Uber Builds AI Version of CEO Dara Khosrowshahi

Uber engineers have developed an artificial intelligence powered version of Chief Executive Officer Dara Khosrowshahi, in an internal experiment aimed at scaling executive communication and decision making frameworks across the organisation. The initiative reflects a growing corporate trend of using AI avatars and conversational systems to replicate leadership insights and make institutional knowledge more accessible to employees.

The AI system, described as a digital representation of Khosrowshahi, was built by Uber’s engineering teams to answer questions and provide guidance based on the CEO’s public communications, strategic priorities and documented viewpoints. The project was reportedly created as a proof of concept to explore how generative AI can capture and distribute executive thinking at scale.

According to details shared about the initiative, the AI version of Khosrowshahi was trained on transcripts of company meetings, public interviews, internal communications and other documented materials. By analysing patterns in language, tone and recurring themes, engineers sought to create a conversational interface that could respond to employee queries in a manner aligned with the CEO’s perspectives.

The experiment highlights how large language models are increasingly being deployed within enterprises beyond customer facing applications. While much of the attention around generative AI has focused on chatbots, content creation and coding assistance, companies are also exploring ways to embed AI into leadership workflows and internal knowledge systems.

For a global company such as Uber, which operates across multiple markets and business lines, ensuring alignment around strategy can be complex. An AI system that reflects executive priorities could potentially help managers and teams understand decision making principles without direct access to senior leadership. It could also serve as a training tool for new employees seeking clarity on company direction.

Uber has not positioned the AI CEO as a replacement for human leadership. Rather, the project appears to be an exploration of how generative AI can augment communication. By making executive insights searchable and interactive, the company may be seeking to reduce information silos and improve organisational efficiency.

Industry analysts note that the concept of AI avatars modelled on senior leaders raises both opportunities and concerns. On one hand, it can democratise access to institutional knowledge and reduce dependence on hierarchical communication channels. On the other hand, questions around accuracy, context and potential misinterpretation remain significant.

Generative AI systems rely on training data and probabilistic models to produce responses. Even when trained on carefully curated material, such systems can generate outputs that deviate from intended messaging. In a corporate environment, this risk underscores the importance of oversight and clear disclaimers regarding the scope of AI generated guidance.

The Uber experiment comes amid broader interest in AI driven digital twins, where organisations create virtual representations of individuals, processes or systems. In some industries, digital twins are used to simulate manufacturing operations or predict infrastructure performance. Extending the concept to executive communication represents a novel application of the technology.

From a martech perspective, the development signals how AI is reshaping internal branding and corporate storytelling. If leadership philosophies can be translated into interactive systems, companies may be able to maintain consistent messaging across geographies. However, maintaining authenticity remains a challenge, particularly when human nuance is filtered through algorithms.

The initiative also reflects Silicon Valley’s culture of rapid experimentation with emerging technologies. Technology companies have been early adopters of generative AI tools, integrating them into engineering, customer support and product design. Building an AI representation of a CEO can be seen as part of this broader innovation cycle.

Observers caution that while such tools can improve accessibility, they cannot fully replicate human judgement. Executive decisions often involve confidential considerations, evolving market conditions and interpersonal dynamics that extend beyond documented statements. As a result, AI systems may be best suited as supplementary resources rather than authoritative sources.

The experiment may also prompt discussions about consent and representation. Even within corporate settings, the creation of AI versions of individuals raises ethical considerations regarding voice, likeness and interpretation. Clear governance frameworks are likely to become increasingly important as similar projects emerge.

For Uber, the AI CEO project underscores its ongoing engagement with advanced technologies. The company has previously invested in autonomous vehicles, mapping systems and machine learning to optimise ride matching and pricing algorithms. Exploring generative AI for leadership communication represents another dimension of this technological focus.

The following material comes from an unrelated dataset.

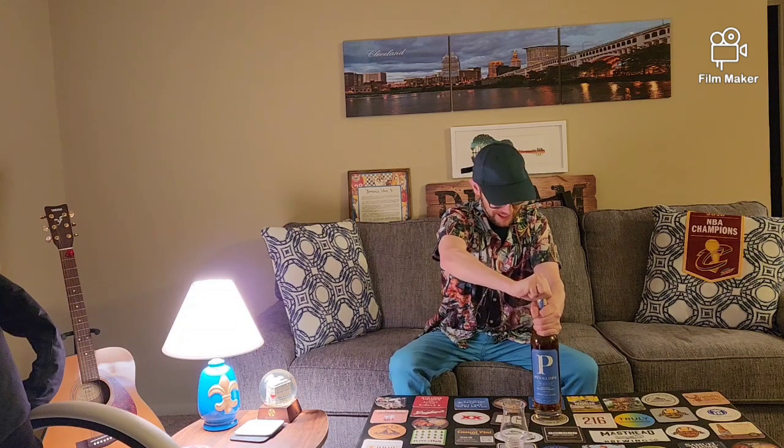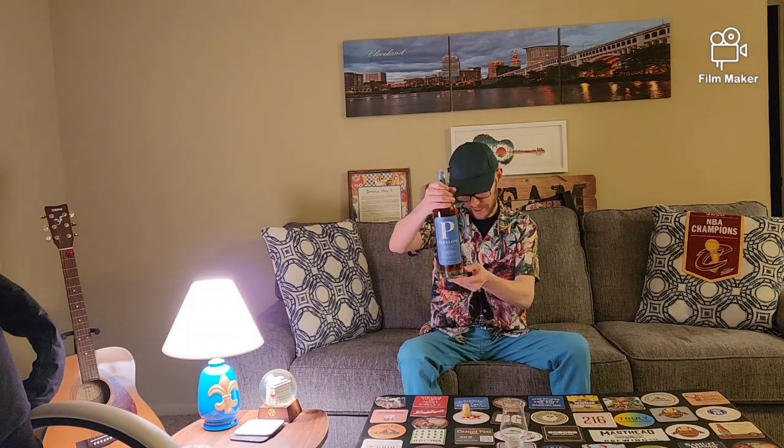The bottle today is Penelope Architect. Very special bottle here. As you can see the color of it — North Carolina Tar Heels. This is a very complex type of whiskey and it is 102 proof. This is actually build number six and is aged four years.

As enterprises continue to test AI applications internally, the balance between innovation and accountability will remain central. Tools that enhance transparency and knowledge sharing can deliver measurable benefits. At the same time, organisations must guard against over reliance on automated systems in areas requiring human discretion.

Uber’s AI representation of Dara Khosrowshahi illustrates how generative AI is moving into new operational territories. Rather than being confined to customer interactions or software development, it is beginning to shape how companies codify and disseminate leadership thinking. Whether such systems become standard practice across corporate environments will depend on their effectiveness, governance and employee trust.

For now, the project stands as an example of how businesses are experimenting with AI to redefine internal communication. As adoption accelerates, similar initiatives may surface across industries seeking scalable ways to share strategic intent and executive insight.